August 26th, 2012

Going Home

by Jacqueline Whitmore

This week I am going back home to visit friends and family in the small town where I grew up. I couldn’t wait to leave Haines City, Florida 28 years ago to seek a more refined and sophisticated way of life. I was eager to find myself, but somewhere along the way I lost myself in the process.

I think it all started when I decided to open my own business in 1998. I set some lofty goals and worked hard to become a well-known etiquette expert. Little did I know that fame would come with a price. I lost touch with the child (and the artist) within.

I spent years polishing my image like Eliza Doolittle does in the movie, My Fair Lady. I learned to behave in a way that adults are expected to behave in a world of political correctness. The pedestal that I built for myself unknowingly created distance and loneliness.

I polished myself just as I would polish a fine, heirloom piece of sterling silver. I wanted to buff away the tarnish – the parts of my personality that I thought were flawed and unappealing. Now I know better. It’s the dark, rough edges that give us character and make us real and relatable. Everyone has tarnish. I was good at camouflaging mine.
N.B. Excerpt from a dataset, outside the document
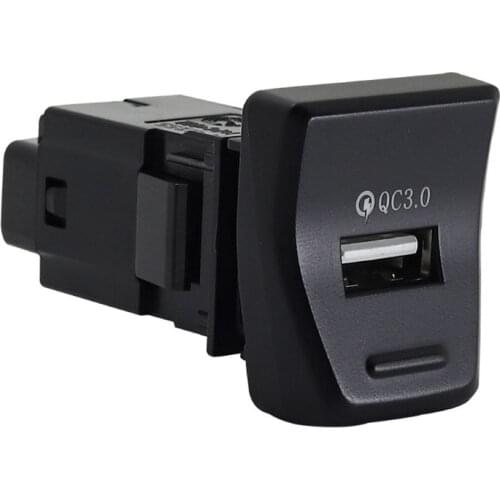 Central Control Position QC3.0 Car Charger Lossless Upgrade Car Phone Charger for RAV4 Rav 4 5th2019 2020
I eventually learned that too much polish can appear artificial and ultimately turn people away.

In order to teach others how to be more authentic I had to connect with my own authenticity. Each day I strive to show the world the real me — the person who is caring, loving, generous, and has a wacky sense of humor.

I want to play and be silly and laugh and snort and sing. I want to write more and share what’s going on in my life and not worry about embarrassing myself. I want to be honest and uninhibited and take the filters off whenever I feel like it.

It took years to appreciate where I came from. I’m grateful to be going home to a place where people love and accept me for who I am along with all my imperfections. That’s a great feeling.